FlowState solves this pipeline end-to-end: partitioned storage with three-level pruning, Rust-accelerated temporal joins, streaming watermark alignment, and GPU-direct data feeding — all connected through Apache Arrow zero-copy.

Architecture

                        ┌──────────────────────────────────┐
                        │          Python API               │
                        │  TemporalAligner · StreamingAligner│
                        │  FeatureStore · ReplayEngine       │
                        └──────────────┬───────────────────┘
                                       │ Arrow PyCapsule Interface
                                       │ (zero-copy, no serialization)
                        ┌──────────────▼───────────────────┐
                        │       Rust Core (PyO3)            │
                        │  O(n+m) merge-scan · Rayon parallel│
                        │  Streaming joins · Arrow IPC I/O   │
                        │  6,400 lines · 132 tests           │
                        └──────────────┬───────────────────┘
                                       │
              ┌────────────────────────┼────────────────────────┐
              ▼                        ▼                        ▼
    ┌─────────────────┐    ┌──────────────────┐    ┌──────────────────┐
    │    Storage       │    │    Alignment      │    │   Data Feeding   │
    │ Hive partitions  │    │ As-of join engine │    │ Pinned memory    │
    │ xxhash bucketing │    │ Multi-stream (N×) │    │ kvikio GDS       │
    │ NVMe LRU cache   │    │ Watermark stream  │    │ CUDA streams     │
    │ S3/GCS/Azure     │    │ Batch coalescer   │    │ PyTorch/JAX      │
    └─────────────────┘    └──────────────────┘    └──────────────────┘

Performance

Benchmarked on 1M left × 500K right rows, 1,000 symbols, Apple M-series.

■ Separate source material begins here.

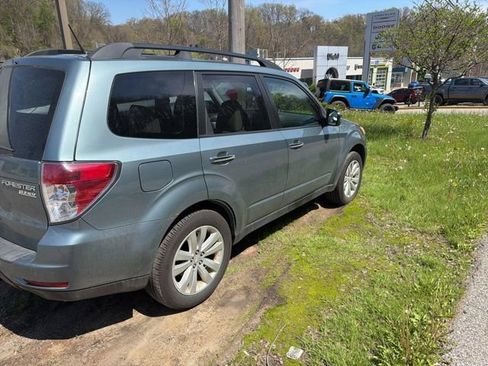 Used 2011 Subaru Forester 2.5X Premium w/ All-Weather Pkg AWD/4WD image 5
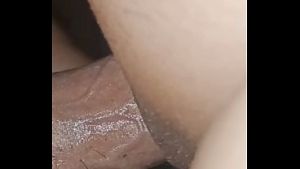 PINAY OFW TINURUAN MAG BEMBANGAN ANG KANYANG ALAGA – PINAY STEPMOM AMD STEPSON SEX AND EATING PUSSY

Measured against Polars 1.x, the fastest general-purpose option.

Operation FlowState Polars Speedup
Grouped as-of join (1M rows, 1K symbols) 10 ms 18 ms 1.8x
Ungrouped as-of join (1M rows) 4 ms 7 ms 1.8x
Multi-stream alignment (4 streams) 42 ms 42 ms Parity
Multi-stream alignment (8 streams) 85 ms 100 ms 1.2x
Streaming incremental join Sub-microsecond emit N/A
SPSC ring buffer throughput 82M elem/s N/A

FlowState is faster because it solves a narrower problem. Polars handles arbitrary DataFrame operations; FlowState handles exactly one thing — temporal joins on sorted timestamp data — and exploits every invariant that implies: pre-sorted merge scans, symbol-partitioned parallelism, tolerance early termination, and pre-partitioned storage that eliminates runtime hash table construction.

Capability comparison

Capability FlowState Polars pandas kdb+/q DuckDB
Streaming incremental joins Watermark + late policy No No wj (windowed) No
GPU data feeding kvikio GDS + CUDA streams No No No No
Multi-stream single pass Rayon parallel N-way Sequential N/A Manual N/A
Lock-free pipeline SPSC ring → join → coalesce No No IPC No
Point-in-time default Backward (no look-ahead) Backward Forward-fill aj (backward) Backward
Pinned memory pool cudaMallocHost + CPU fallback No No No No
Arrow zero-copy PyCapsule Interface Yes No (copies) No Yes
ML DataLoader PyTorch + JAX adapters No No No No

Usage

Batch alignment: trades with quotes

from flowstate.prism.alignment import TemporalAligner

aligner = TemporalAligner(
    primary_type="trade",
    secondary_specs={"quote": ["bid_price", "ask_price"]},
    tolerance_ns=5_000_000_000,  # 5 second max staleness
)
aligner.add_data("trade", trade_table)   # pa.Table, int64 ns timestamps
aligner.add_data("quote", quote_table)

aligned, stats = aligner.flush()
# Every row is point-in-time correct — quote timestamp <= trade timestamp

Streaming alignment with watermarks

from flowstate.prism.streaming import StreamingAligner, StreamingAlignConfig

aligner = StreamingAligner(StreamingAlignConfig(
    group_col="symbol",
    tolerance_ns=5_000_000_000,
    lateness_ns=1_000_000_000,  # 1s late data tolerance
))

for batch in live_feed:
    aligner.push_left(trade_batch)
    aligner.push_right(quote_batch)
    aligner.advance_watermark(current_event_time_ns)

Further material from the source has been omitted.